Assessing the potential long-term increase of oceanic fossil fuel CO2 uptake due to CO2-calcification feedback
1School of Geographical Sciences, University of Bristol, Bristol, BS8 1SS UK
2Biogeosciences, Alfred Wegener Institute for Polar and Marine Research, Am Handelshafen 12, 27570 Bremerhaven, Germany
3Frontier Research Center for Global Change, 3173-25 Showa-machi, Kanazawa-ku, Yokohama, Kanagawa 236-0001, Japan
4School of Environmental Sciences, University of East Anglia, Norwich, NR4 7TJ, UK
Abstract. Plankton manipulation experiments exhibit a wide range of sensitivities of biogenic calcification to simulated anthropogenic acidification of the ocean, with the "lab rat" of planktic calcifiers, Emiliania huxleyi apparently not representative of calcification generally.
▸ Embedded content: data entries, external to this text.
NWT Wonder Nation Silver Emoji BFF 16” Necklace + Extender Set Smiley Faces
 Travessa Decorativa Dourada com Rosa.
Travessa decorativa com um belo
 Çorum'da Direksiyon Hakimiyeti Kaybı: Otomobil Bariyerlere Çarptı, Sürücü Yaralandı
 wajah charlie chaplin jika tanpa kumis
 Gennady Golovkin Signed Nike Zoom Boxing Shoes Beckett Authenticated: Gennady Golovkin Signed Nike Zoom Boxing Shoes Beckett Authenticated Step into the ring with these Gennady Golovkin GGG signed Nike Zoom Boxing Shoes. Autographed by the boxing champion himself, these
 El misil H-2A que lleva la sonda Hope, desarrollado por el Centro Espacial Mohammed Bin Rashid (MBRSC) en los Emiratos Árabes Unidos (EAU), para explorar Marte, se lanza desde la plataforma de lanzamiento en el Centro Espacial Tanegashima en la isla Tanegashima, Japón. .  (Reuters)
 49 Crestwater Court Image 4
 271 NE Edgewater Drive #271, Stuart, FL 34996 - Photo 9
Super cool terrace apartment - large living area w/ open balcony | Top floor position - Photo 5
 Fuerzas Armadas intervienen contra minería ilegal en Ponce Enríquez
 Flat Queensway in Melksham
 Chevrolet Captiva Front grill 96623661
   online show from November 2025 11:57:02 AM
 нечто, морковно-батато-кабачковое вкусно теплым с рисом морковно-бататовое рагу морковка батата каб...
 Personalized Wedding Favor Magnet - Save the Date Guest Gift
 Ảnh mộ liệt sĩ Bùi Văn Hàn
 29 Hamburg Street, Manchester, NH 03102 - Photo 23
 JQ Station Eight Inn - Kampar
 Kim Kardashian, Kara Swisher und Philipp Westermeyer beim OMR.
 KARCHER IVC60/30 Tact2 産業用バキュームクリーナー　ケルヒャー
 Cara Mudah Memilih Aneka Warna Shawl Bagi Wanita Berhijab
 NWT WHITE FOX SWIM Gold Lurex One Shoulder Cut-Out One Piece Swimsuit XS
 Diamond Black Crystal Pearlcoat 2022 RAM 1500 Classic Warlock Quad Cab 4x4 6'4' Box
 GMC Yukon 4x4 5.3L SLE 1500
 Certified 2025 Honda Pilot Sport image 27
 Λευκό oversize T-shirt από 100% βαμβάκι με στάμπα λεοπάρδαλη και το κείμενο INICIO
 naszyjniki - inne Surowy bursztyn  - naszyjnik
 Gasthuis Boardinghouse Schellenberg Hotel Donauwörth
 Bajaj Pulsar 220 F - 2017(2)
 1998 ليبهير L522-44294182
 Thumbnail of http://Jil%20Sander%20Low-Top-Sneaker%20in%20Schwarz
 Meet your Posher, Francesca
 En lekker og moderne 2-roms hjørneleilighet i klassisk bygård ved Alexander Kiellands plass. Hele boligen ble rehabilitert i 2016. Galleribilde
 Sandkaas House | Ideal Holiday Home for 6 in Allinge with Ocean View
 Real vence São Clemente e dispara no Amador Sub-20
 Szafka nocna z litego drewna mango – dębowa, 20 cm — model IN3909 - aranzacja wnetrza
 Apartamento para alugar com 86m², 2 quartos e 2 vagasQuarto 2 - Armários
We assess the implications of this observational uncertainty by creating an ensemble of realizations of an Earth system model that encapsulates a comparable range of uncertainty in calcification response to ocean acidification. We predict that a substantial reduction in marine carbonate production is possible in the future, with enhanced ocean CO2 sequestration across the model ensemble driving a 4–13% reduction in the year 3000 atmospheric fossil fuel CO2 burden. Concurrent changes in ocean circulation and surface temperatures in the model contribute about one third to the increase in CO2 uptake. We find that uncertainty in the predicted strength of CO2-calcification feedback seems to be dominated by the assumption as to which species of calcifier contribute most to carbonate production in the open ocean.
Citation: Ridgwell, A., Zondervan, I., Hargreaves, J. C., Bijma, J., and Lenton, T. M.: Assessing the potential long-term increase of oceanic fossil fuel CO2 uptake due to CO2-calcification feedback, Biogeosciences, 4, 481-492, doi:10.5194/bg-4-481-2007, 2007.